If you can't load the file to memory, why not split it smartly to smaller files and work there. You only need to know that identical lines end up in identical files, and you want some collisions to not end up with a huge amount of files.
Here is a script that takes the prefix of each sentence (can be changed obviously) and puts the sentence in the file corresponsing to the prefix.
This is actually much like a hash map, only not in memory as your RAM can not handle the amount of data you're tryiing to process.

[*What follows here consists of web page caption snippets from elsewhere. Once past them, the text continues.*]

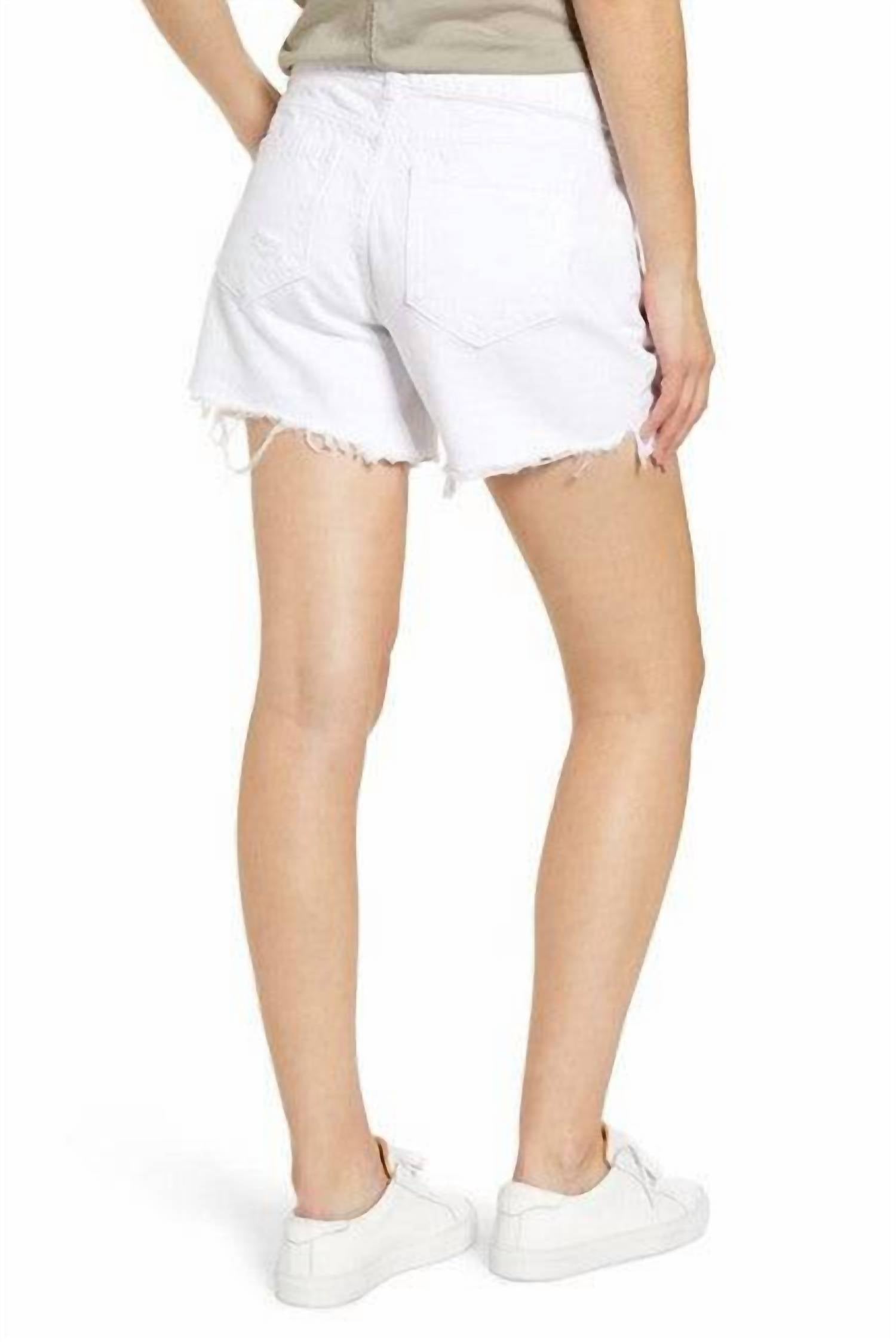 DL1961 - Women's Karlie Ripped Boyfriend Shorts - 4.5" in howard - women's shorts - detail view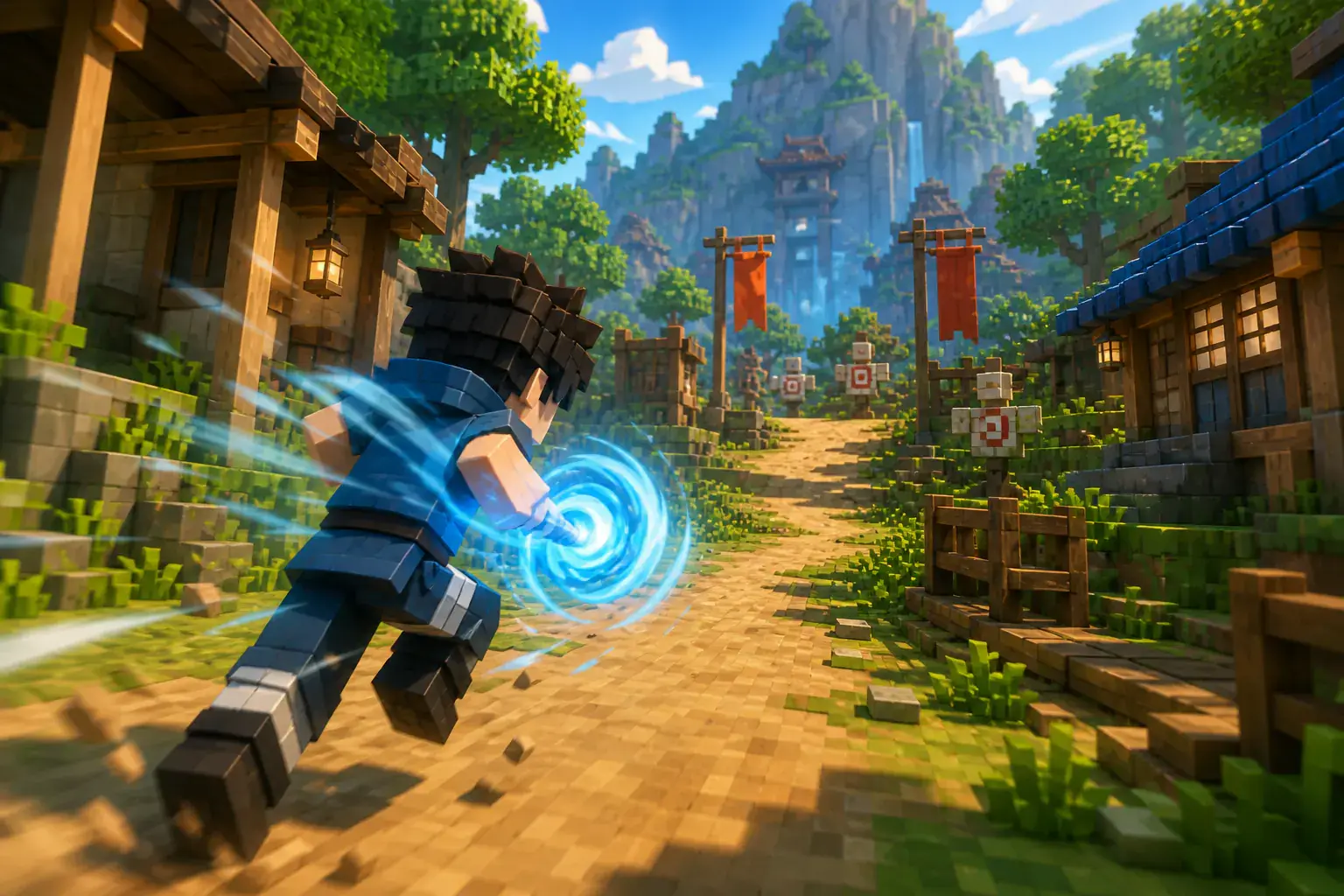 Ninja trainee racing through a mountain village with a blue wind technique
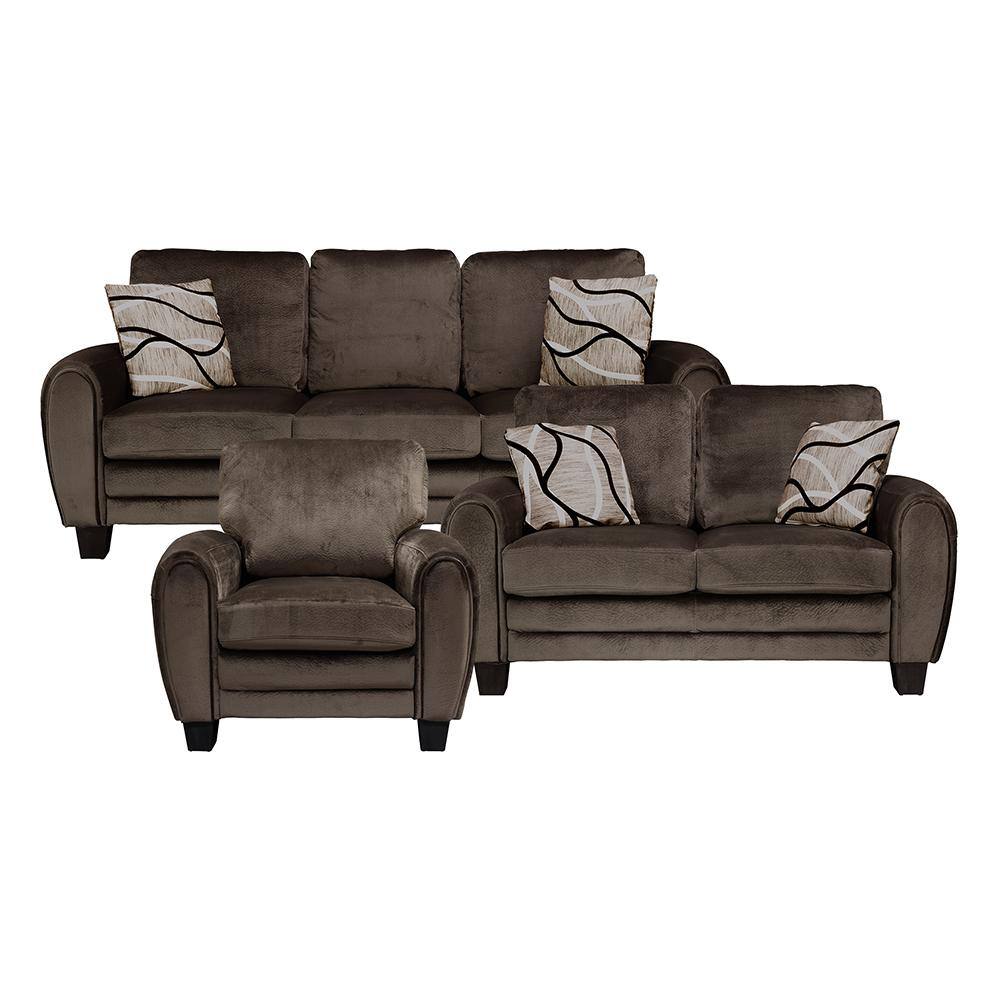 Viggo 85 in. W Round Arm Microfiber Rectangle 3-Piece Living Room Sofa Set 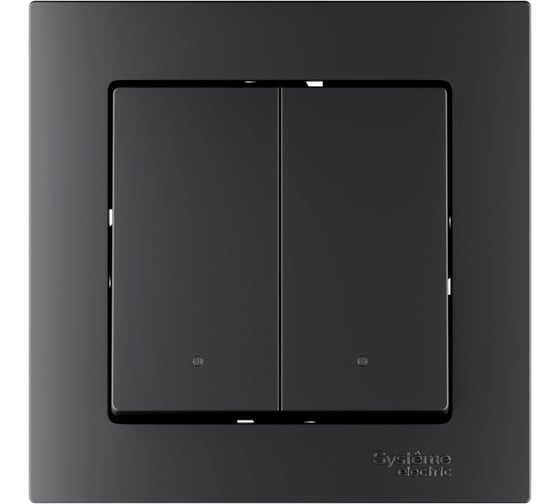 Изображение товара Выключатель 2-клавишный с подсветкой Systeme Electric ATLASDESIGN SMART, Zigbee, сх.5, L+N, 10 А, мех., КАРБОН ATN001053Z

The result is many smaller files (buckets, if you will..) that will have all occurrences of a line grouped in a certain file (same prefix). They can be unique-d individually and then merged to the result file.
Here is how it's done:
Initializing the program to read from the file input.txt
, and write to output.txt
, using a prefix size of 2
to hash/split:
import os
input_file_name = 'input.txt'
split_folder = 'splits'
prefix_size = 2
Create the folder holding the split files containing similar and identical lines:
# create hash files folder
if not os.path.exists(split_folder):
os.makedirs(split_folder)
Line-distributing function - puts a line in a specified file:
# a function to put a line in a file
def put_in_file(file_name, line):
with open(os.path.join(split_folder, file_name), 'a') as f:
f.write(line)
Hash function that promises some collision (which is good), and identical lines being in a similar file:
def prefix_hash(line):
return line[:prefix_size]
Now we distribute lines to their smaller files (like hash "buckets")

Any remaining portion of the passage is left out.